Hello. I am new to Nifi and spark specifically as it relates to this request. So be kind :) .
I have dozens of files every week with 1-2 million rows each. The rows in the files are sometimes new, and sometimes updates of previous records (with no unique key, but a compound key can be created from multiple columns). I have this situation for 3 groups of files, which, at the end of consumption end up being joined together into 1 large table. For the sake of this post, lets call those groups of files, SOLD, PLACED, COMPLETE, each group having multiple files, with millions of rows. I do not have any control over the build/structure (column name/order) of the inbound files. They are from a 3rd party.
With-in each group, the file columns are frequently not consistently named, or in the same order, but they always contain the same fields contextually (meaning, the column may be named wrong, but the data is correct in the column).
Using NIFI I can move the files from FTP to S3 easily. Planning to "Upsert" the rows of each group into their own table, then join the 3 tables at the end , I started with using a redshift COPY command to ingest the files into redshift.
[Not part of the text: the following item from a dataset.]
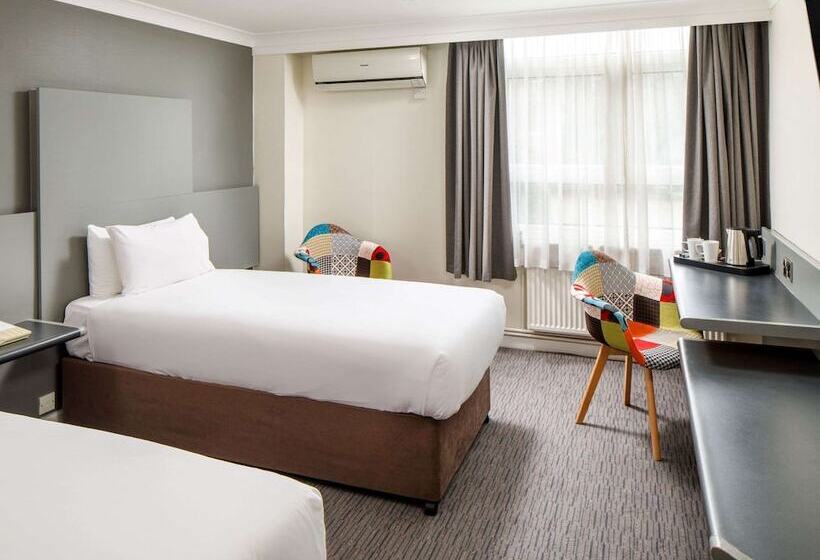 Классический Номер, Mercure Chester Abbots Well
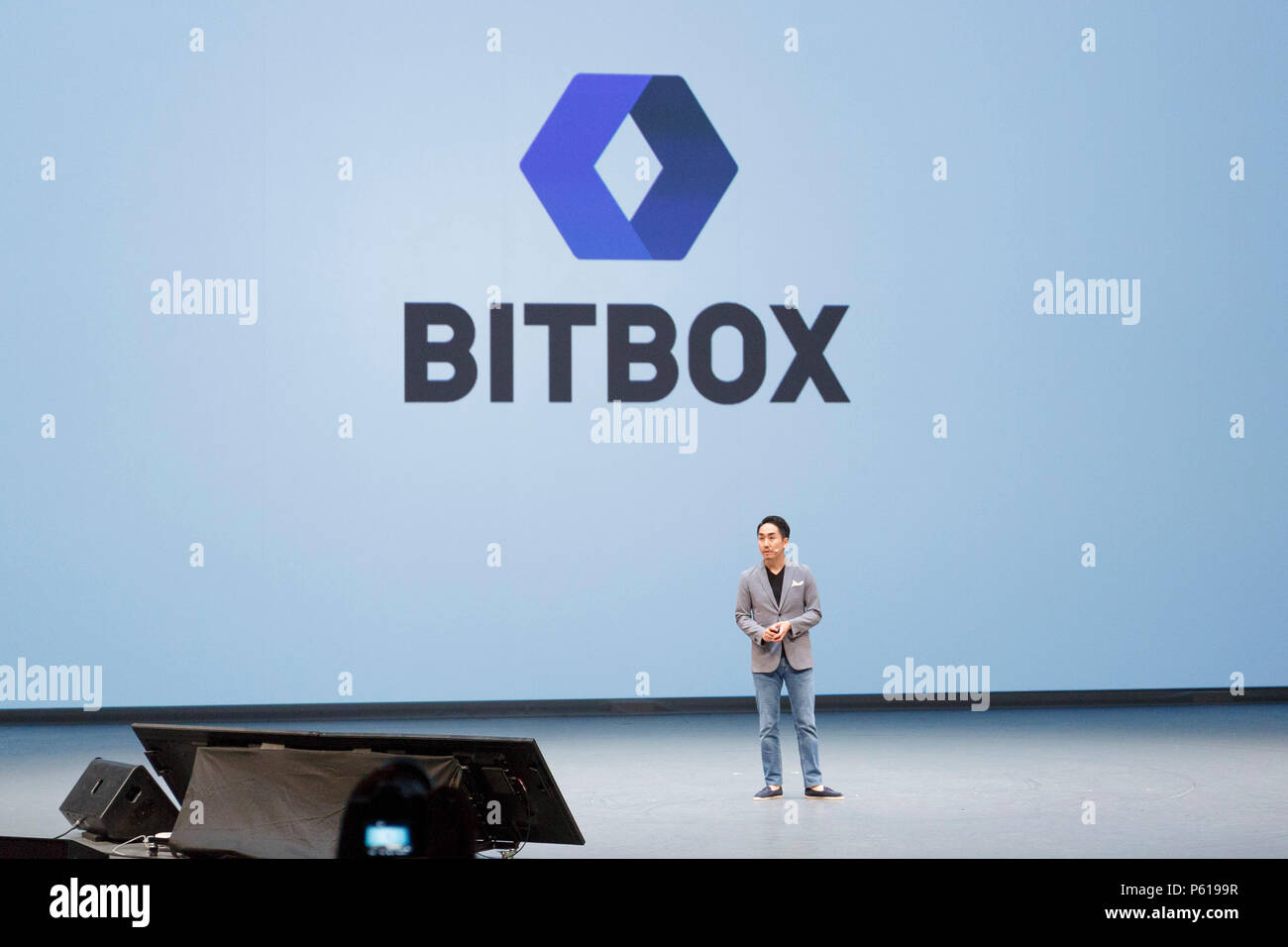 Bitbox hi-res stock photography and images - Alamy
This works until the columns of the files are out of order or incomplete. I've tried branching on "retry" in NIFI to adapt to each file, but the variations will be too many to manage that way.
I need a way to basically populate a complete "object" prior to "upsert" that I can match columns/attributes on a regex (to match the varying column names), to a fixed schema.
I was also thinking, perhaps I eliminate redshift, "upsert" the files with Spark, then join them with spark, and save out the output to S3 as 1 large file.
Any suggestion on how you would tackle this problem as efficiently as possible?